Because deciding before a class even starts that only 2.4% of the students will get A's is harsh by today's standards, many instructors change shift the vertical lines and percentage categories. But there is rarely a logical and defensible pedagogical reason for doing so in any particular way, besides the ever-popular "because I'm the teacher and I said so." (Nevertheless, a syllabus that describes how grading happens is a binding agreement that should be respected.)

Many teachers do a sloppy thing they mistakenly name "grading on a curve" by boosting everyone's grades by the amount the highest student was below 100. This is a symptom of poor test-writing. Boosting scores might prevent grumbling, but the boosted test neither compares students to the test's difficulty nor to each other. If the student with the highest failing grade complained, how would the instructor defend this grading plan? "I'm not good at math and I've always done it this way," is a terrible reason to assign someone a failing grade! (And a syllabus rarely describes how each test is graded.)
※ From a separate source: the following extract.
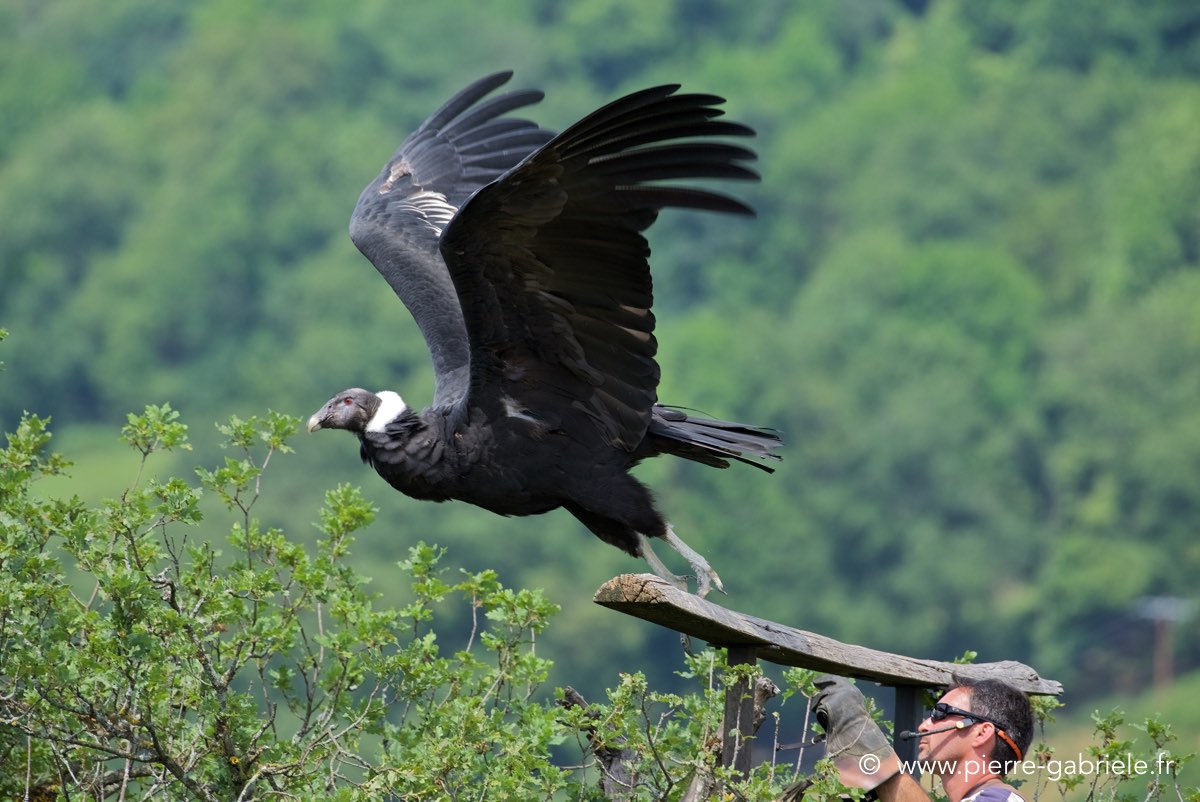 condor_4194.jpg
For students, there are two lessons to take with you and make use of...

First, ask your next term's instructors to describe in detail how they assign grades. Don't trust that they mean the same thing if they say they "curve grades". It might be worth switching to a different section of a class, or waiting until another term, if an instructor grades haphazardly and your schedule is so busy that you are aiming for a C.

Similarly, do not trust quiz grades to predict overall grades until you've talked to the instructor about his or her grading plan. Many instructors grade quizzes in a straightforward manner (70% = C, 80% = B, etc.) and then do something totally different for overall grades. For example, quizzes might compare your knowledge to the quiz difficulty, but overall grades might compare you to your classmates.

Second, if on a test you are borderline pass/fail but fail, ask to see the instructor's grading histograms. You might be able to argue with calm logic that you should be in the passing clump--or that the test failed to clump students, showing it was poorly written, so you should be able to take another version of the test.